I could never do without GPT/LLM technologies again. I use them far too much, and they give me peace of mind in my daily life. Today, I have a much better understanding of LLM, but the mathematics still remain complex for me.
My local LLM manages critical tasks without relying on external services. I continue to benefit from this innovation while regaining control of my data. I also have control over my projects and the ability to experiment without fear. Of course, this doesn't solve the limitations of LLM. I still have to monitor feedback, check for hallucinations, change models depending on the context, etc. But I feel reassured and calm. There are numerous examples of incidents and risks associated with LLMs, with new cases being discovered every day. (Are you familiar with LLM Agents? Stay tuned to Squad, we'll be talking about them soon). This is an opportunity for me and Fabien, our AI expert, to talk to you soon about recommendations for using LLMs.
To go further:
Eileen Yu. (Aug. 11, 2023). 75% of businesses are implementing or considering bans on ChatGPT. ZDNet. Retrieved from https://www.zdnet.com/article/75-of-businesses-are-implementing-or-considering-bans-on-chatgpt/
Hugging Face Community. (n.d.). Home Page. Retrieved from https://huggingface.co/
GPT4ALL. manyoso (n.d.). Home Page. Retrieved from https://gpt4all.io/index.html
Gerganov, G. (n.d.). llama.cpp. Retrieved from https://github.com/ggerganov/llama.cpp
Jan.ai. (n.d.). Home Page. Retrieved from https://jan.ai & https://github.com/janhq/jan
["Okay, but I want GPT to perform 10x for my specific use case"]. (Year). YouTube. Retrieved from https://www.youtube.com/watch?v=Q9zv369Ggfk
[What is Retrieval-Augmented Generation (RAG)?]. (Year). YouTube. Retrieved from https://www.youtube.com/watch?v=T-D1OfcDW1M
A little anecdote to finish?
I told you that I mainly use my LLM to compensate for my dyslexia. Sometimes I feel like I'm being clear/coherent, but when I see my LLM's suggestions, I realize that's not the case at all. In one of my experiments, I tried to teach it to anonymize my inputs to see if we could trust a model to secure sensitive data, etc. So I gave it instructions to replace first names, last names, and places with imaginary information. It didn't work; it wasn't conclusive. I put it aside to come back to it later.
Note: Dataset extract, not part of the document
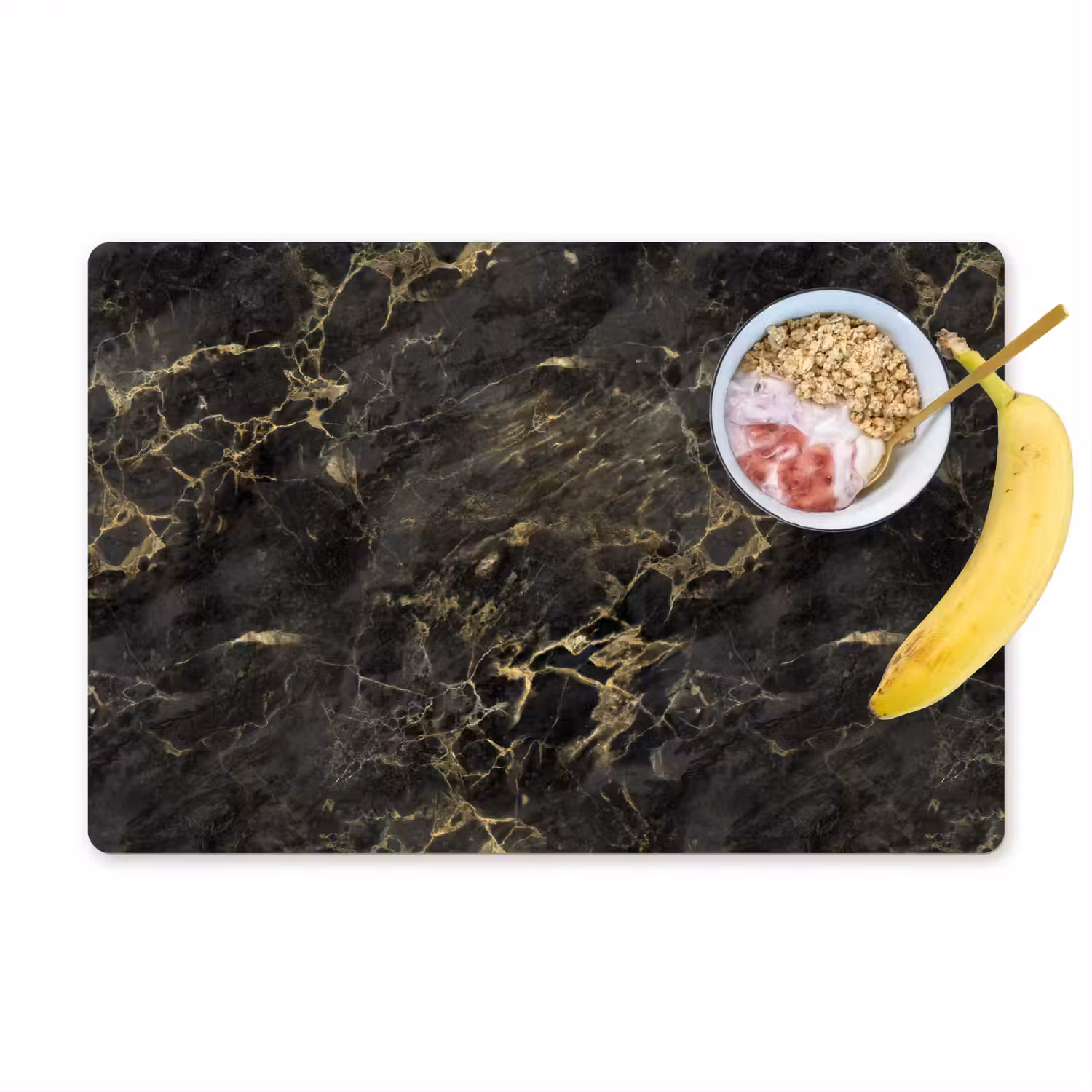 Zwart - Marmer - Goud - Nerf Placemat vinyl groot 368 -zzzproduct_Kitchenyeah-website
Except that I forgot about it in the meantime, and innocently launched my LLM to correct an exchange with an important contact. I wasn't sure about my English wording, whether it had the intended meaning, but I had doubts about part of my text... Can you see where this is going? I had a first name in the text at the beginning, where I had no doubts, so I only checked the part that interested me: it was indeed more relevant than mine, the generation made more sense, so I copied/pasted and sent it. The contact's response: "Who is Toto?"